# Action item
Beginning with the line that holds "Sacai Pleated Skirt - Natural", copy every remaining line of the listing below exactly, and leave the pictures out.

# Material provided
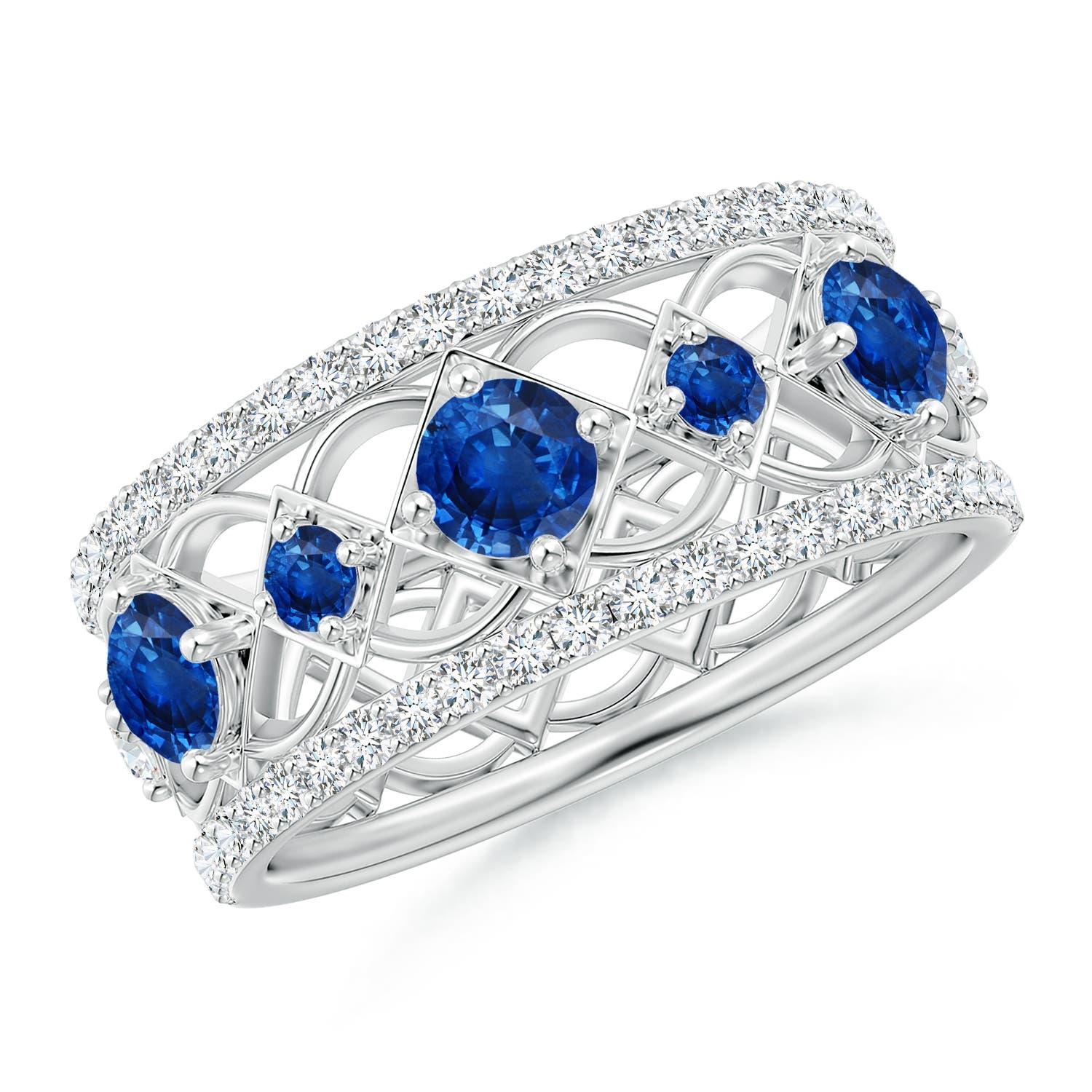 Angara Natural Inspired Graduated Sapphire und Diamant-Ring in 14K Solid Gold im Angebot 1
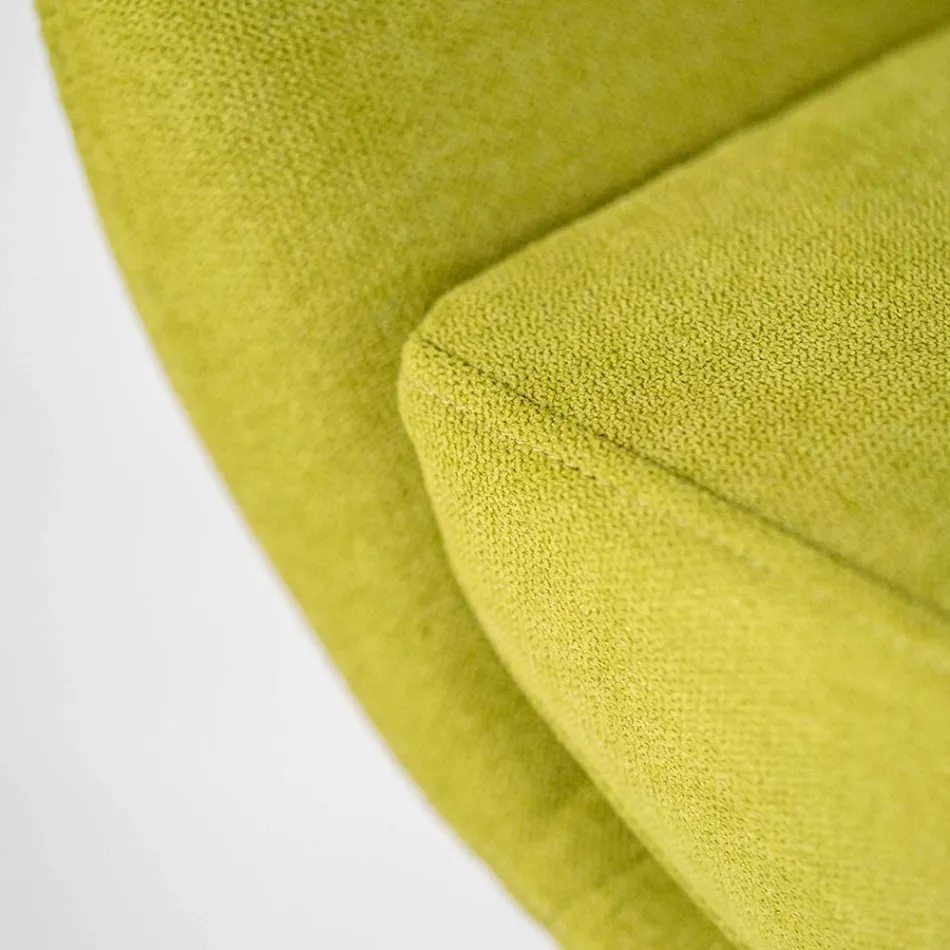 Poltrona Giratória com Base Metálica e Assento em Tecido - Sereno Viadurini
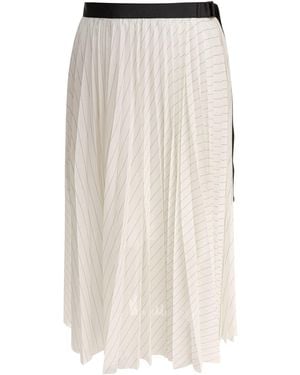 Sacai Pleated Skirt - Natural
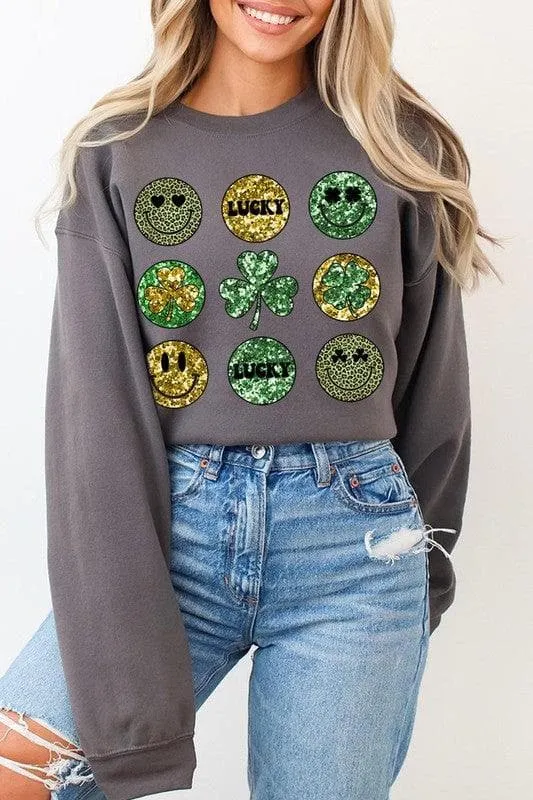 Smile St Patricks day Graphic Fleece Sweatshirts.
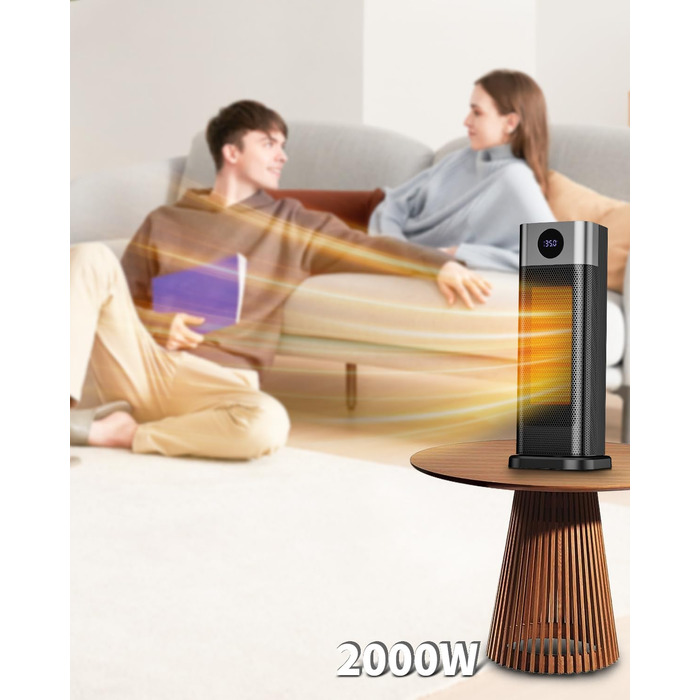 Електричний обігрівач PTC 2000W з термостатом, дистанційним керуванням, таймером та захистом від перегріву. Обігрівач для дому, офісу, спальні.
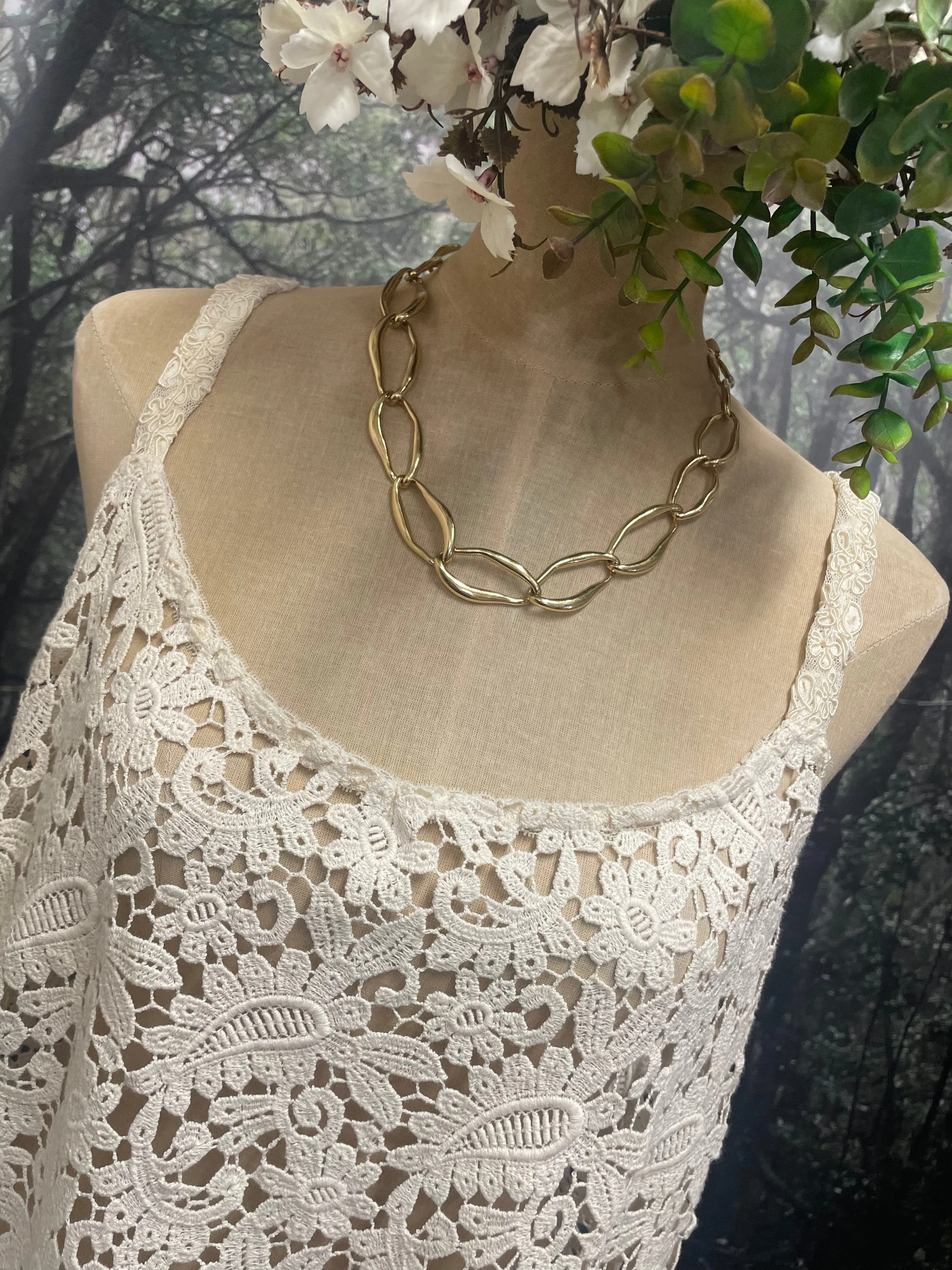 Cream lace cami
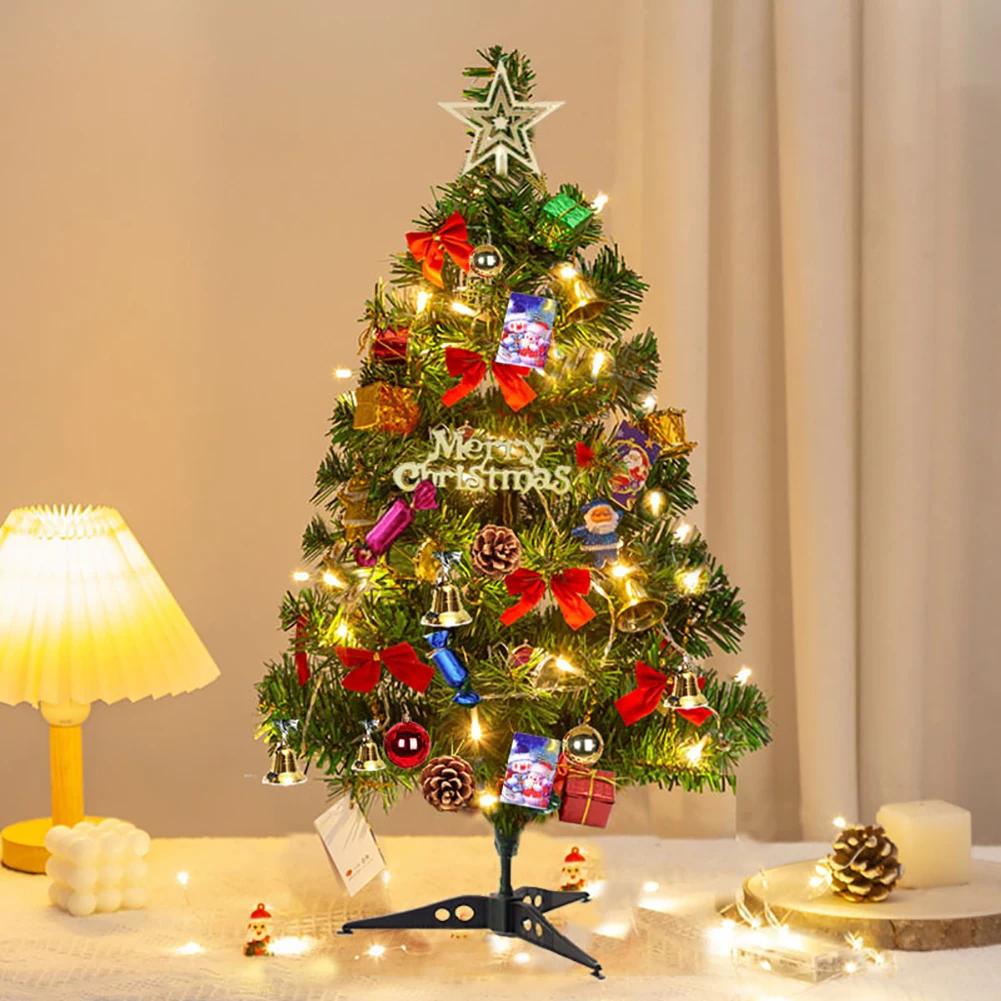 50cm Sada vánočního stromku Vánoční dekorace se světýlky Stolní mini vánoční stromek ozdoby Dekorace na novoroční párty Dárek Navidad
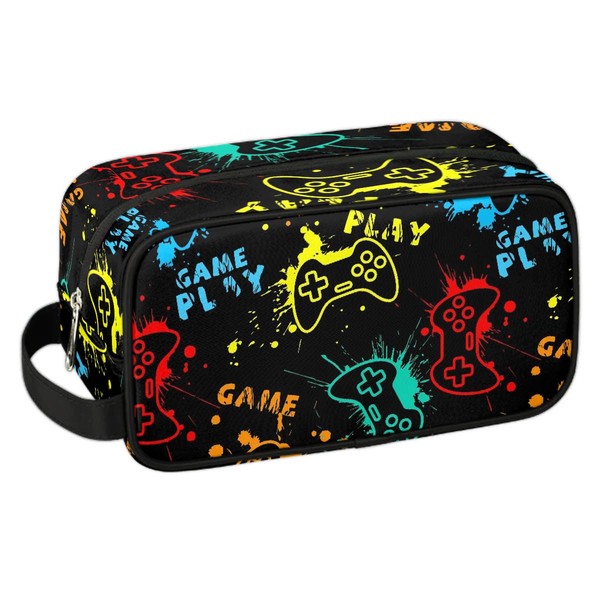 PATTERNFUL Game Start Travel Toiletry Bag for Kids, Waterproof Hanging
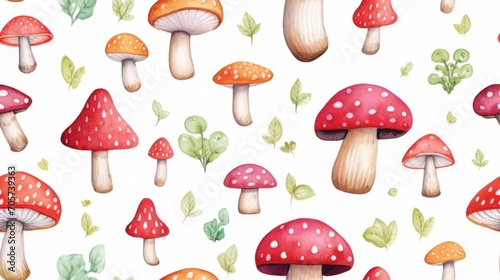 A pattern of mushrooms and leaves on a white background
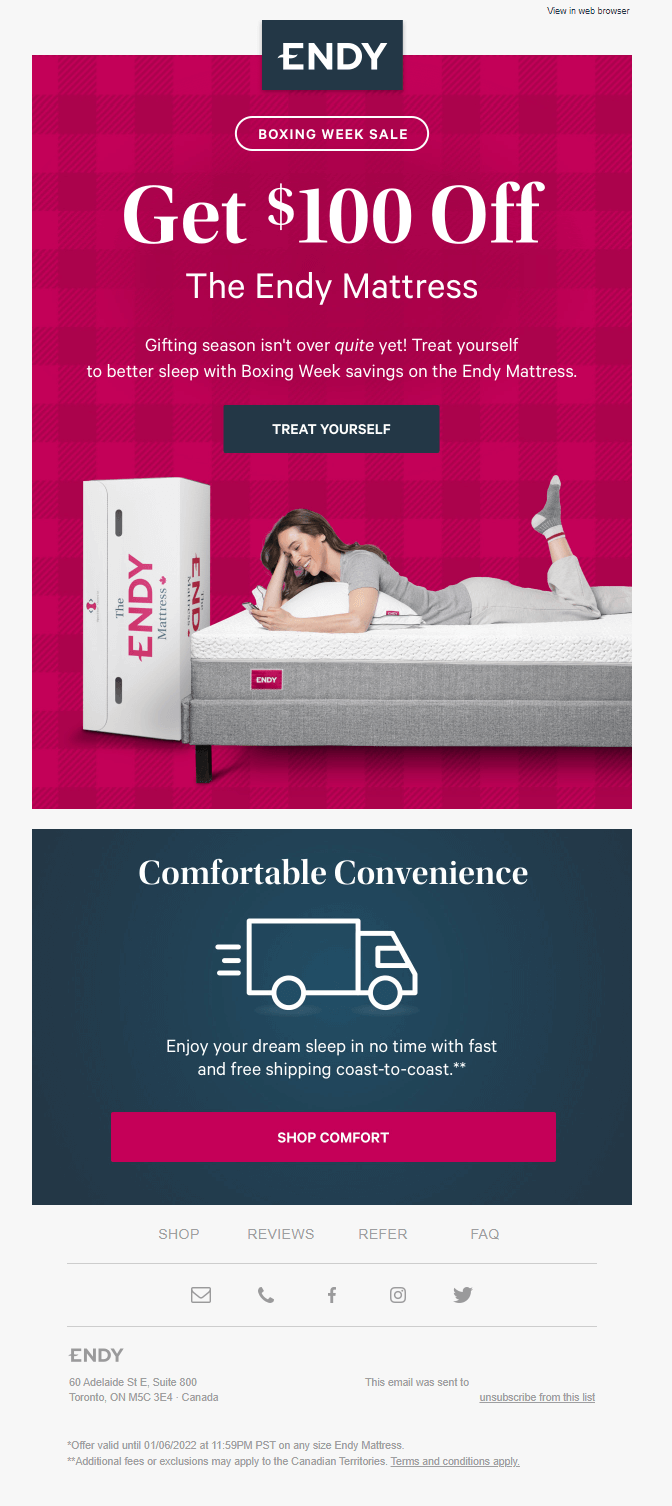 แคมเปญการตลาดผ่านอีเมล Boxing Day โดย Endy boxing day email marketing campaign by Endy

# Reply
 Sacai Pleated Skirt - Natural
 Smile St Patricks day Graphic Fleece Sweatshirts.
 Електричний обігрівач PTC 2000W з термостатом, дистанційним керуванням, таймером та захистом від перегріву. Обігрівач для дому, офісу, спальні.
 Cream lace cami
 50cm Sada vánočního stromku Vánoční dekorace se světýlky Stolní mini vánoční stromek ozdoby Dekorace na novoroční párty Dárek Navidad
 PATTERNFUL Game Start Travel Toiletry Bag for Kids, Waterproof Hanging
 A pattern of mushrooms and leaves on a white background
 แคมเปญการตลาดผ่านอีเมล Boxing Day โดย Endy boxing day email marketing campaign by Endy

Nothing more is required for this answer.